[Dataset section — start]
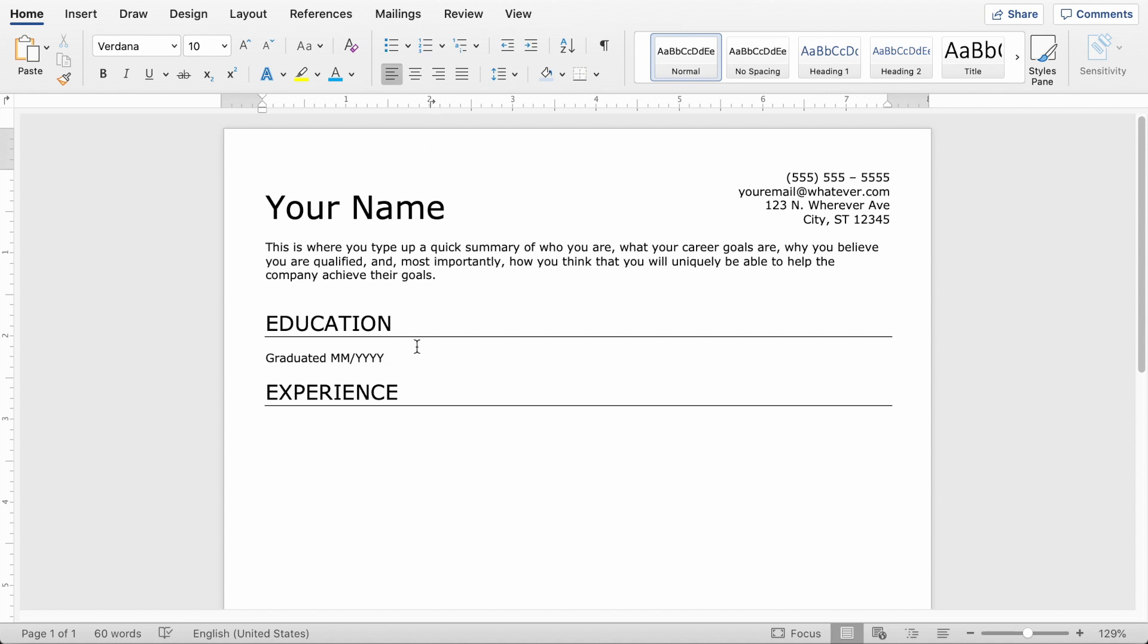Awesome. So now hitting tab will place my cursor at that tab stop. And in bold font, I'm going to put either the degree or certificate that I earned or am going to earn. And then I'll get rid of bold font, put a comma, and then put my school name or my university name. And then you're going to put the city and state.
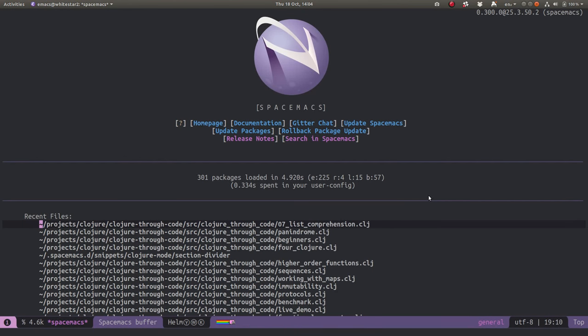SpaceMax has a package called Helm which allows you to find things really quickly. Helm also has a transient state which helps you work on the list of things that you find very easily as well. So let's take a look.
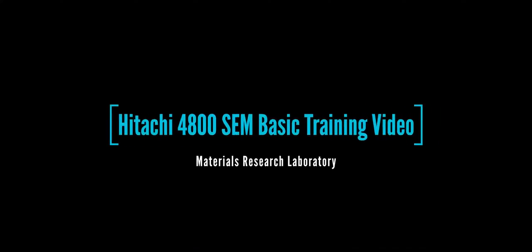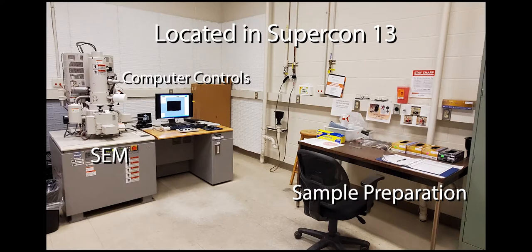Welcome to the training video for the Hitachi 4800. This instrument is located in Supercom 13. To begin, we will first discuss sample preparation.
[Dataset section — finish]
Your objective: Transcribe the data exactly and leave no picture in the copy.

Output:
Awesome. So now hitting tab will place my cursor at that tab stop. And in bold font, I'm going to put either the degree or certificate that I earned or am going to earn. And then I'll get rid of bold font, put a comma, and then put my school name or my university name. And then you're going to put the city and state.
SpaceMax has a package called Helm which allows you to find things really quickly. Helm also has a transient state which helps you work on the list of things that you find very easily as well. So let's take a look.
Welcome to the training video for the Hitachi 4800. This instrument is located in Supercom 13. To begin, we will first discuss sample preparation.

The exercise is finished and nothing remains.